George Scott
- Born: 16 September 1928
- Died: 14 September 1998 (aged 69)
- Sport country: England
- Professional: 1981–1995
- Highest ranking: 37 (1984–1985)
- Best ranking finish: Last 16 (x1)

= George Scott (snooker player) =

English snooker player

George Scott (16 September 1928 – 14 September 1998) was an English professional snooker player.

==Snooker career==
Scott worked in his family's ice cream business. After an amateur snooker career that included winning the Merseyside snooker title 13 times in a span from the 1950s to the 1970s, Scott turned professional in 1981. He played in the 1982 Bass and Golden Leisure Classic, where he was defeated 1–3 by the eventual champion Rex Williams in the last 16.

Scott reached the last 32 of the 1982 International Open, losing 1–5 to Cliff Thorburn, and the last 16 of the 1983 edition of the event, where he defeated Pat Houlihan 5–0, Matt Gibson 5–3 and Bill Werbeniuk also 5–3 before himself being whitewashed 0–5 by Terry Griffiths.

In the 1984–85 snooker season, his best performance was a run to the last 32 of the Classic, where he lost 1–5 to eventual runner-up Thorburn.

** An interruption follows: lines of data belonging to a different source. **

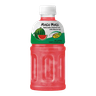 Mogu Mogu Watermelon Flavoured Drink With Nata De Coco 6x320ml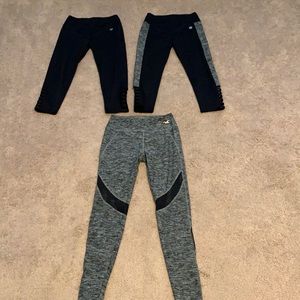 Hollister Activewear Cali Sport Leggings (3)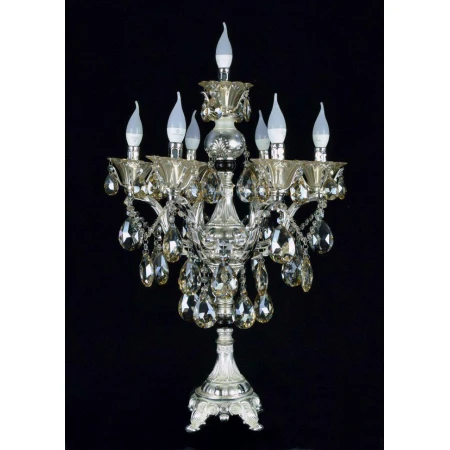 П16891/6+1 светильник настольный [01060979]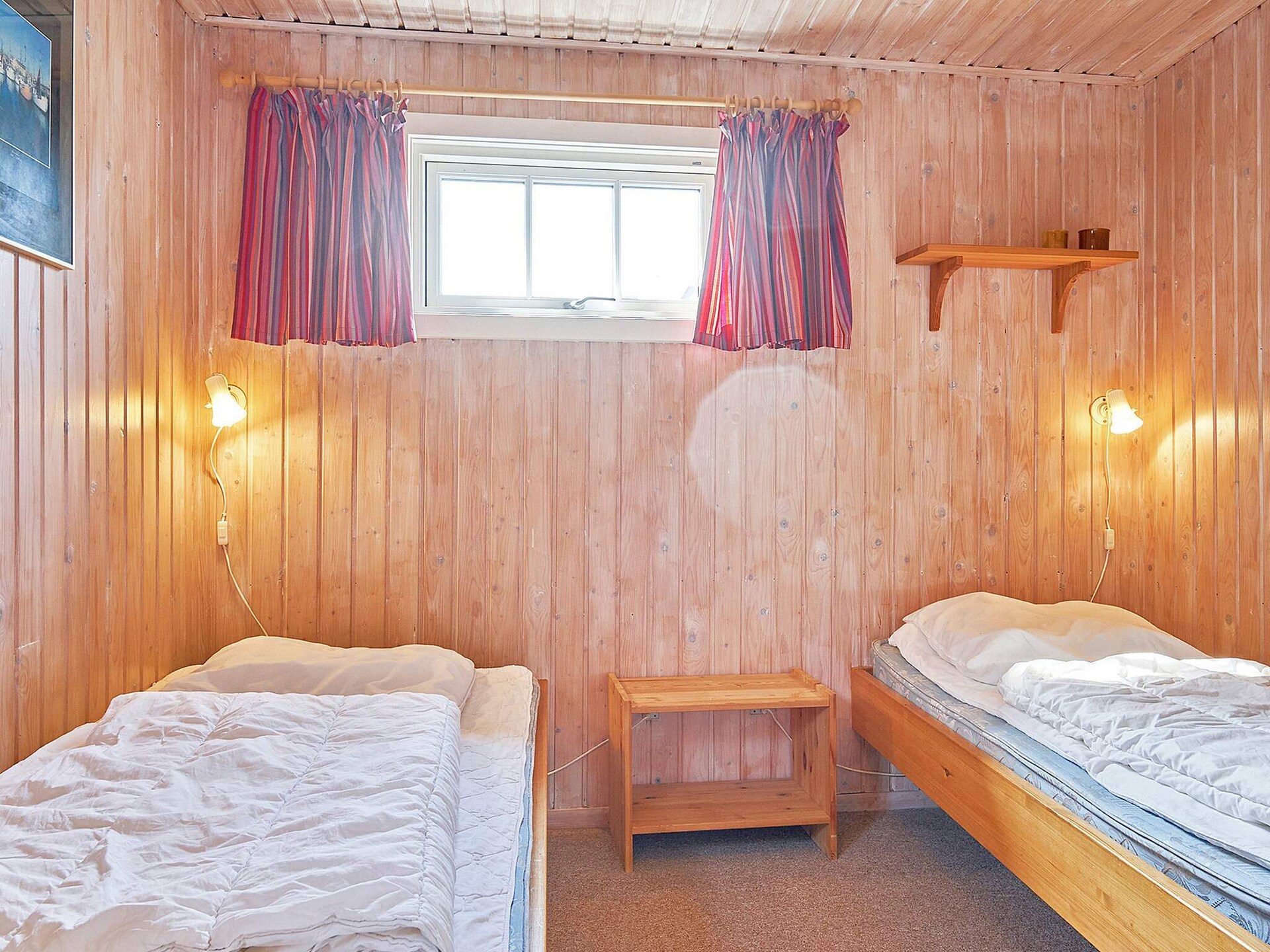 Vrijstaand vakantiehuis aan de golfbaan in Nexø, 80 meter van het strand - foto 26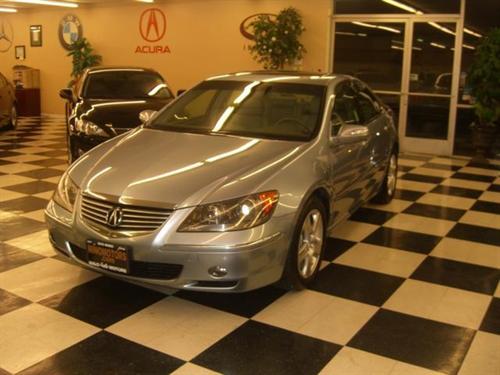 Acura RL 2005 photo 1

Several last-32 finishes came during the 1985–86 snooker season; Scott lost 1–5 to Willie Thorne in the 1985 Matchroom Trophy; 3–5 to Cliff Wilson in the Grand Prix; and 1–9 to Tony Meo in the English Professional Championship, having earlier beaten Bernard Bennett by the same scoreline.

Scott next featured in the latter stages of a ranking tournament at the 1988 Canadian Masters, defeating Clive Everton, Ray Edmonds and Williams before losing 1–5 to Steve Davis. Scott last played professionally 1993. In 1997 he had a lung removed due to cancer; he died of lung cancer the following year.

==Personal life==
Scott died in September 1998, shortly before his 70th birthday.